Popeye's Chicken Buys Its Recipes for $43 Million: Why It Didn't Own Them Is Even More Interesting

Another fried fast food heart attack special. It's amazing, on one level, how much of this stuff we humans are willing, even eager, to consume.

And we know from Coke's secret recipe to McDonald's secret sauce that there is value in those recipes. Even for a regional specialty chain focused on so-called southern cooking.

So when the announcement came out that Popeye's Chicken was buying its recipes for $43 million the first thought that probably occurred to many people was, wow, that's a bunch of money for figuring out how to mix lard, bread crumbs and a couple of spices in a manner probably familiar to any self-respecting mom raised in that milieu.

 The second thought might well have been, after counting backwards, that that meant a lot of people buy this stuff. But the third, and arguably most thought-provoking notion was - and is - that Popeye's must, at some point, have sold its recipes as collateral for a loan or as the core asset in a sale-and-lease agreement based on anticipated sales and profits. Which is to say that the value of the intangible, a recipe, exceeded the value of the tangible (and tangy) chicken.

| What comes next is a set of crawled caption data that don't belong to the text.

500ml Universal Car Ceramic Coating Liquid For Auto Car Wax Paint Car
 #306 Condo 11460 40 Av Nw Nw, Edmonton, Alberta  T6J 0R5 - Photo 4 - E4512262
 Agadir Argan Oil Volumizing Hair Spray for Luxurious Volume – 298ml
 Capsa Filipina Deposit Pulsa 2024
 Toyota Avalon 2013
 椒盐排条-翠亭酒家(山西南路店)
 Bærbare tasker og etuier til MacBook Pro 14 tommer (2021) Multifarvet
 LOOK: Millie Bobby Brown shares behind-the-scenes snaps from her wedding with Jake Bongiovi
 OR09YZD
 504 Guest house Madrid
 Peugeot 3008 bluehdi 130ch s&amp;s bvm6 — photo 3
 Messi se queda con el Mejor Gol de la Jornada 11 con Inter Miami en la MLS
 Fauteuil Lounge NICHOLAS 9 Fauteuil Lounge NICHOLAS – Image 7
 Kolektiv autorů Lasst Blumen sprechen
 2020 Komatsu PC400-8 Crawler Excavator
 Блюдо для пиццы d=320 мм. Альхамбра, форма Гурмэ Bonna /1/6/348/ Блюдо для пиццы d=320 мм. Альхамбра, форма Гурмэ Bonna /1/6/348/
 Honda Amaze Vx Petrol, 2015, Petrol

The implication being that intellectual property is becoming an increasingly acceptable and fungible financial asset without our thinking much about it. And that is probably going to define as well as establish such values for the future of global commerce. JL

Venessa Wong reports in Business Week:

The $43 million value represents a discount on the expected 15 years of future royalties.
Food companies go to great lengths to safeguard their coveted recipes—KFC’s (YUM) and Coca-Cola’s (KO) are stored in vaults—no doubt because they’re considered to be any successful brand’s secret weapon. Yet curiously, a recipe isn’t always owned by the restaurant. Such has been the case at fried-chicken chain Popeyes (PLKI), which announced on Tuesday that it just bought several recipes used in its core menu for $43 million. (The chain won’t specify which recipes.) How did it not own its recipes?
Until now, the recipes have belonged to Diversified Foods and Seasonings, a Louisiana food manufacturer started by Popeyes founder Al Copeland in 1984 after he opened Popeyes. For the last 23 years the chicken chain has paid DFS a $3.1 million “spice royalty” to license the use of its recipes.
It’s a peculiar arrangement dating back to the early 1990s, when Copeland was forced to step down as chief executive of Popeyes’ parent company following a bankruptcy reorganization. It left him as a franchisee of 26 Popeyes and Church’s restaurants, and with a 12-year contract to supply DFS products to the chain. DFS makes biscuit, cake, and meat mixes; batters; seasoning blends; gravies; soups; sauces; and sides like macaroni and cheese, spinach and artichoke dip, and jambalaya and grits, according to its website. After he left Popeyes, Copeland retained ownership of Popeyes’ recipes and continued to collect royalties for their use. Copeland died in 2008, and DFS is now owned by his estate.
DFS had an agreement to supply Popeyes through 2029, and the $43 million value on Tuesday’s deal represents a discount on the expected 15 years of future royalties. The sale doesn’t sever ties between DFS and Popeyes: DFS will continue to be the exclusive supplier of spices and other products to the chain.